What you give back should be only the lines from the one holding "Picture 1 of 7" through the final line of the records, each reproduced exactly.
[DATASET CONTENT — start]
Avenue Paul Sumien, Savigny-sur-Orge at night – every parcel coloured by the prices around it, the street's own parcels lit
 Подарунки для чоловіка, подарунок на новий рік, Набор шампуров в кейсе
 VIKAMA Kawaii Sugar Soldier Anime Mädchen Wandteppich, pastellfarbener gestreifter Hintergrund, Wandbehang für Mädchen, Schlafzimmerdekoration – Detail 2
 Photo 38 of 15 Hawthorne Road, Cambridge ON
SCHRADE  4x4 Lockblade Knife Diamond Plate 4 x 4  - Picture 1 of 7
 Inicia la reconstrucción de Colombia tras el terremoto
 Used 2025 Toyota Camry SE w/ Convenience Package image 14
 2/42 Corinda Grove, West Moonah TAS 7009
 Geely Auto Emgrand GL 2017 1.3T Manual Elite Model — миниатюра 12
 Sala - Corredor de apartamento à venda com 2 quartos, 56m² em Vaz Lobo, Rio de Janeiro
[DATASET CONTENT — finish]
EXERCISE RESPONSE:
SCHRADE  4x4 Lockblade Knife Diamond Plate 4 x 4  - Picture 1 of 7
 Inicia la reconstrucción de Colombia tras el terremoto
 Used 2025 Toyota Camry SE w/ Convenience Package image 14
 2/42 Corinda Grove, West Moonah TAS 7009
 Geely Auto Emgrand GL 2017 1.3T Manual Elite Model — миниатюра 12
 Sala - Corredor de apartamento à venda com 2 quartos, 56m² em Vaz Lobo, Rio de Janeiro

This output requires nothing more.